**WHAT TO WORK ON**
From the line with "Using TRIM, MID and SUBSTITUTE Functions" through the final line, transcribe the material below character for character; include no other lines.

**PROVIDED INFORMATION**
Segment Open
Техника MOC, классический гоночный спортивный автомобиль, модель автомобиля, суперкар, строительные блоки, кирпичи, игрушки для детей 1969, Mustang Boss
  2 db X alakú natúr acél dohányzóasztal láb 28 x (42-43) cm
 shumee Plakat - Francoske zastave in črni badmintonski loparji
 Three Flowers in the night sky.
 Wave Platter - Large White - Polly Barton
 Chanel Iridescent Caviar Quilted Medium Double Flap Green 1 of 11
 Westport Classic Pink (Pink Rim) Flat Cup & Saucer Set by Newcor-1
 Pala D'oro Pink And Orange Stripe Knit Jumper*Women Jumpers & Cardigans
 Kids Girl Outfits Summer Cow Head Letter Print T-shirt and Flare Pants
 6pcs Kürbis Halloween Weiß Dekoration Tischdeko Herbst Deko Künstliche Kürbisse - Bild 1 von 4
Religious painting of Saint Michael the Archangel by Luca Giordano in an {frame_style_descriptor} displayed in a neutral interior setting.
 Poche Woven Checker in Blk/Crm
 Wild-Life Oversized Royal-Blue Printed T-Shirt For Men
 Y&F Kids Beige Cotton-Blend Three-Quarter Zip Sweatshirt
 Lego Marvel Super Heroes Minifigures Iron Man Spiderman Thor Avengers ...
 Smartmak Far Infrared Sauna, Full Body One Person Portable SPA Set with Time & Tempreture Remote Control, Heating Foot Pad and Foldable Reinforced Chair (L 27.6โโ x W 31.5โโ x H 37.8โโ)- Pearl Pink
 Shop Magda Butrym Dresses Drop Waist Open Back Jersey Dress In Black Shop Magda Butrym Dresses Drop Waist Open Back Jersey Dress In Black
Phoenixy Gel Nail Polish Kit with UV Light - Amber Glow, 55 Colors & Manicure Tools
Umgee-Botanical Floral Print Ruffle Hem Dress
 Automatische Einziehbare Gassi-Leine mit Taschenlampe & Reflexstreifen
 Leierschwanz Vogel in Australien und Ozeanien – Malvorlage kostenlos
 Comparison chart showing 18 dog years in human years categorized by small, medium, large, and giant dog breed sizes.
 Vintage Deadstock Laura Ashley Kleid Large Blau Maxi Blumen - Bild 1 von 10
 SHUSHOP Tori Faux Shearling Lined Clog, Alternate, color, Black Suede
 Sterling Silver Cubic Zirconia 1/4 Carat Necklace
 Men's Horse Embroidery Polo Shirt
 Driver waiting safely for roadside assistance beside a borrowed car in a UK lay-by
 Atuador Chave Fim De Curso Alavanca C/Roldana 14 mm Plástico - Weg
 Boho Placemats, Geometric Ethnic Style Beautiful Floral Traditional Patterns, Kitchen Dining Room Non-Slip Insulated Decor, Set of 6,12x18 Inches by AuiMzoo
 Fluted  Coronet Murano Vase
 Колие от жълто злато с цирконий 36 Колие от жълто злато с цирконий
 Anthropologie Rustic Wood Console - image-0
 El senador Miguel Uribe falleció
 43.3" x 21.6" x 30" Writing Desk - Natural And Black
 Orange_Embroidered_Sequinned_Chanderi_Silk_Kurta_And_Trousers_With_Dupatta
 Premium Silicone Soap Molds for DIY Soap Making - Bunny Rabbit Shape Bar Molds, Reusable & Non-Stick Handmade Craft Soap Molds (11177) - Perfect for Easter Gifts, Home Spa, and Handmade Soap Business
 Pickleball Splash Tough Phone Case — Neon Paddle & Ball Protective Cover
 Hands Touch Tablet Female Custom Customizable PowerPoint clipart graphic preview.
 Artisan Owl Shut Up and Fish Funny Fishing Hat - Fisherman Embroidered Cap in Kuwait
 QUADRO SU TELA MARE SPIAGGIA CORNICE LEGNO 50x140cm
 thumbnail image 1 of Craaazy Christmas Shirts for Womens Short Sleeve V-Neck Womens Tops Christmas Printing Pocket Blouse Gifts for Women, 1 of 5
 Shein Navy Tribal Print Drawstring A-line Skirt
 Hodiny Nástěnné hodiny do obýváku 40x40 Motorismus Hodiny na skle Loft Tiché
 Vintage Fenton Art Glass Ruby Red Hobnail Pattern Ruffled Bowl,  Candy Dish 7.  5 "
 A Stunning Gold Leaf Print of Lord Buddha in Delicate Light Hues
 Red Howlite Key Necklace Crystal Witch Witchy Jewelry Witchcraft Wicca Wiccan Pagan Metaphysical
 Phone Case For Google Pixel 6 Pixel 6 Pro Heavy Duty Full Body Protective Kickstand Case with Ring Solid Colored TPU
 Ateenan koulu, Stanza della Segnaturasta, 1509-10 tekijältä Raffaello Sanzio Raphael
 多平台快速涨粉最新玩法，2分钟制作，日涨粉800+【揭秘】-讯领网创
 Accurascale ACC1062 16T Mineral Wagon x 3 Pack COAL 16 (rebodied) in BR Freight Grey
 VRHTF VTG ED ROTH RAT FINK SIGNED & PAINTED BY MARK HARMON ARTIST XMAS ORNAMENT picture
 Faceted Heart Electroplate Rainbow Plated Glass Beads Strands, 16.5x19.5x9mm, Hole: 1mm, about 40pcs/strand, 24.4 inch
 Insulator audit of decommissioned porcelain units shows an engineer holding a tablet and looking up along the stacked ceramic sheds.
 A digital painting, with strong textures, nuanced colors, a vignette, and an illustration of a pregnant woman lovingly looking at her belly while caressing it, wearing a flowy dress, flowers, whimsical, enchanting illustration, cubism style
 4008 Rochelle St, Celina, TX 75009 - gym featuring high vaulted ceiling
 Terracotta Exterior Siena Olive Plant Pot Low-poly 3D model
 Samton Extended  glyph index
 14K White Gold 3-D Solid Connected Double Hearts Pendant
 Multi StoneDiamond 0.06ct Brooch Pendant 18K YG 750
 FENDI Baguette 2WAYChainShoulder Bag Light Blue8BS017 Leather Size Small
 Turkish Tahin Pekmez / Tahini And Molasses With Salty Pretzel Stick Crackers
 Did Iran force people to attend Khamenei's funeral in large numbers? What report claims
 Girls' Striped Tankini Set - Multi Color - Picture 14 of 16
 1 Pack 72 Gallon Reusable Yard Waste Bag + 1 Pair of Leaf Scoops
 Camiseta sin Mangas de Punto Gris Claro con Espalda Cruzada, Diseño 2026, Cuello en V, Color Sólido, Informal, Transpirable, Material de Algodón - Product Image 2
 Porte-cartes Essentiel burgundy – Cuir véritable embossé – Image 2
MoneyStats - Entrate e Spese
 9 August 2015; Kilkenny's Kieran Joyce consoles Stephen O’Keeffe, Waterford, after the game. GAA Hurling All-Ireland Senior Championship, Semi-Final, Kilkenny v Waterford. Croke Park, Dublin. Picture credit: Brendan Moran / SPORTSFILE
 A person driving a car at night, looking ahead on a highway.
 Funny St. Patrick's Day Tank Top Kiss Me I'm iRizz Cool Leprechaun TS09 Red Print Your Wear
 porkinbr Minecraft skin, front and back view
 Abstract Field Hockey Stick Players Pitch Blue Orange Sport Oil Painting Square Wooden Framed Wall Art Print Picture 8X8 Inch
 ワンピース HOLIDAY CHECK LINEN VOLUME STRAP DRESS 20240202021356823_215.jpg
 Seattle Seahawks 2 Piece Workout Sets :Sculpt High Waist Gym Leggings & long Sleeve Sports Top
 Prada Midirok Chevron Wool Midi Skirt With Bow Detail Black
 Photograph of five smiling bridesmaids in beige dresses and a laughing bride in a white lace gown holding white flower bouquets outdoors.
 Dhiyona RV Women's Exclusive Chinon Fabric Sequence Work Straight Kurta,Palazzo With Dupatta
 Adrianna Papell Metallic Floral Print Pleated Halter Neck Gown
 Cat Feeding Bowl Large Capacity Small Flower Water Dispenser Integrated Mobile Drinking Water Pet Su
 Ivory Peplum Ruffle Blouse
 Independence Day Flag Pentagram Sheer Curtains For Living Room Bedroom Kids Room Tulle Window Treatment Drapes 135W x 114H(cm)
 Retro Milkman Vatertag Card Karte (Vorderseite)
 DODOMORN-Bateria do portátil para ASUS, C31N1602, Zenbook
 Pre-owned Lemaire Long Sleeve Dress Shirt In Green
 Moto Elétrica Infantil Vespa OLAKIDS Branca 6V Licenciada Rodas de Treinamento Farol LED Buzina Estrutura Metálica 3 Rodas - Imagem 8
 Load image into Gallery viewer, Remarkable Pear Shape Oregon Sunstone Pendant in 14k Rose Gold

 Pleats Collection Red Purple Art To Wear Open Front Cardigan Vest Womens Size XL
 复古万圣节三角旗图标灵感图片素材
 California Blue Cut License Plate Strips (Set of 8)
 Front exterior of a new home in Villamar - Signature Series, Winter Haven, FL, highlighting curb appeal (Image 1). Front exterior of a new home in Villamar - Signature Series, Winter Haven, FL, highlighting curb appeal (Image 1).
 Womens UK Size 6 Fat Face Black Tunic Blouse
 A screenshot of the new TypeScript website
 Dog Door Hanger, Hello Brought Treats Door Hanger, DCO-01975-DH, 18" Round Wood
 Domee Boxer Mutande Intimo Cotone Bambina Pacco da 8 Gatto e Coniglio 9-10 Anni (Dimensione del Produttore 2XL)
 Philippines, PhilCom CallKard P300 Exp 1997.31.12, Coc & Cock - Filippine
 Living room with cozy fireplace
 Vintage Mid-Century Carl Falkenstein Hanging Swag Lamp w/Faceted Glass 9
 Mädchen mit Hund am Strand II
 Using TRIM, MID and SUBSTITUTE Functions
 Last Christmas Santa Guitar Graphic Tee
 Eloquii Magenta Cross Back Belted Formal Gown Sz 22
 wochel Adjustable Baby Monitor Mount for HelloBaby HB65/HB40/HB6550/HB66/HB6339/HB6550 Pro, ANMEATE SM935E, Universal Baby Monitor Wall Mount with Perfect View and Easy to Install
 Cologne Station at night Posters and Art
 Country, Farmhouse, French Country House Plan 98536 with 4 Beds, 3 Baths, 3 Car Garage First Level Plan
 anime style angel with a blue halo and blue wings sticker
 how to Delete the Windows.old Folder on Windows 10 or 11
Segment Closed
**WRITTEN SOLUTION**
 Using TRIM, MID and SUBSTITUTE Functions
 Last Christmas Santa Guitar Graphic Tee
 Eloquii Magenta Cross Back Belted Formal Gown Sz 22
 wochel Adjustable Baby Monitor Mount for HelloBaby HB65/HB40/HB6550/HB66/HB6339/HB6550 Pro, ANMEATE SM935E, Universal Baby Monitor Wall Mount with Perfect View and Easy to Install
 Cologne Station at night Posters and Art
 Country, Farmhouse, French Country House Plan 98536 with 4 Beds, 3 Baths, 3 Car Garage First Level Plan
 anime style angel with a blue halo and blue wings sticker
 how to Delete the Windows.old Folder on Windows 10 or 11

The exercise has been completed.